BSD 3-Clause "New" or "Revised" License

7.62k stars 1.28k forks source link

Incremental Learning or partial_fit? #1567

Open luckyhug opened 2 years ago

luckyhug commented 2 years ago

Does auto-sklearn support incremental learning or partial_fit?

when the dataset is too big for the RAM, (About 230+GB, although I can store it in a list, there's not enough memory to convert the list to an np array)

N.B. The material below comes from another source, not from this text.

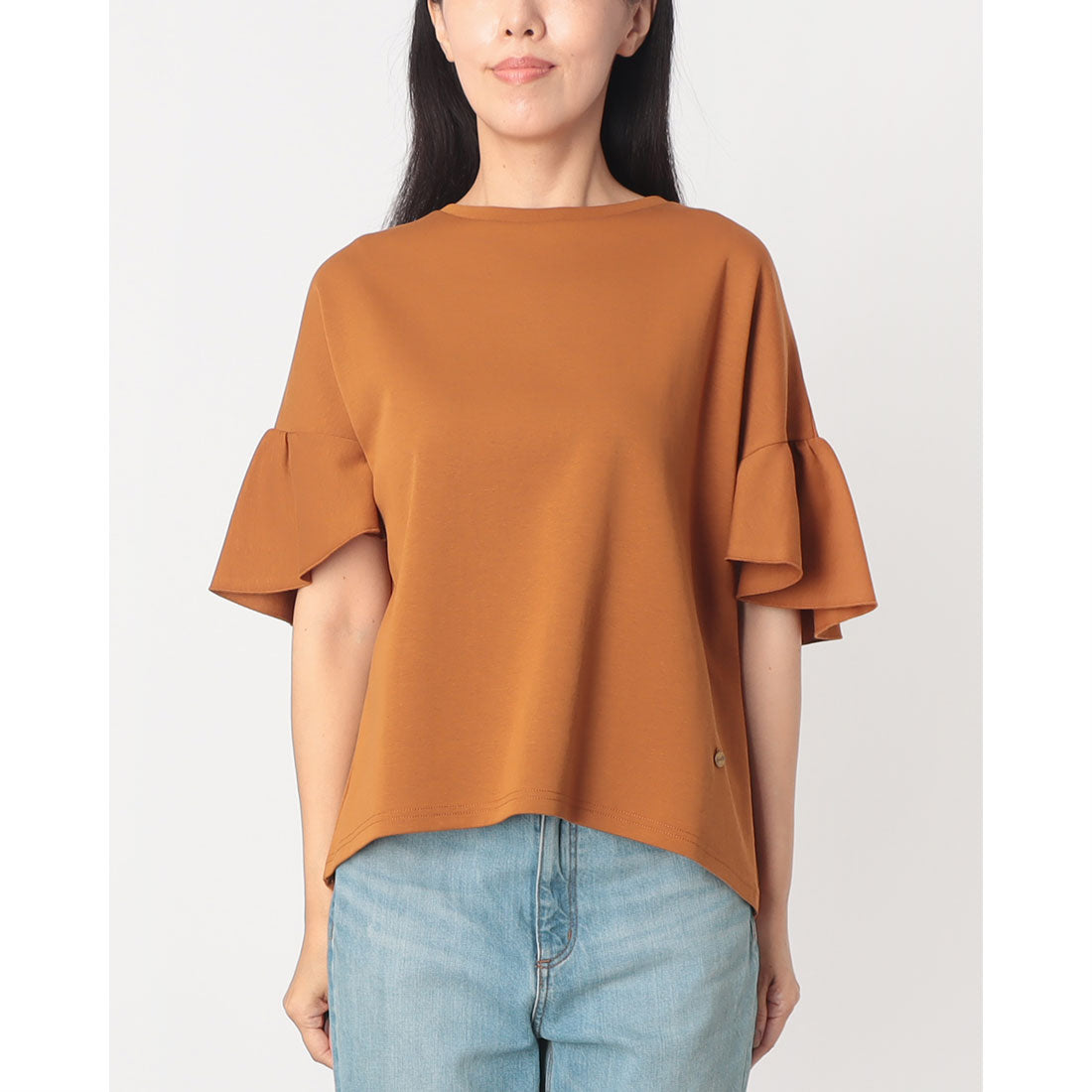 エグランティーヌ EGLANTINE バックフリル半袖カットソー （グリーン） グリーン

Is there any advice or examples on dealing with this dataset?

Thank you very much!

eddiebergman commented 2 years ago

Hi @luckyhug,

No I think there's not much way to effectively use that much data in autosklearn natively. My only suggestion would be to run auto-sklearn on a subsample of that data and use show_models() to inform which models and hyperparameters to use for the next step of your pipeline in terms of which configurations to fit and handle the incremental learning and partial fitting in a custom manner.

Best, Eddie

jonaslandsgesell commented 2 years ago

@luckyhug did you consider down casting numerical values from e.g. float64 to float16 already? This could reduce your memory consumption by a factor of 4.

eddiebergman commented 2 years ago

@jonaslandsgesell good idea! We automatically do that already if the dataset is too large. We also automatically subsample the data if it's too large to fit in memory, but this means all of that original data can not be used then.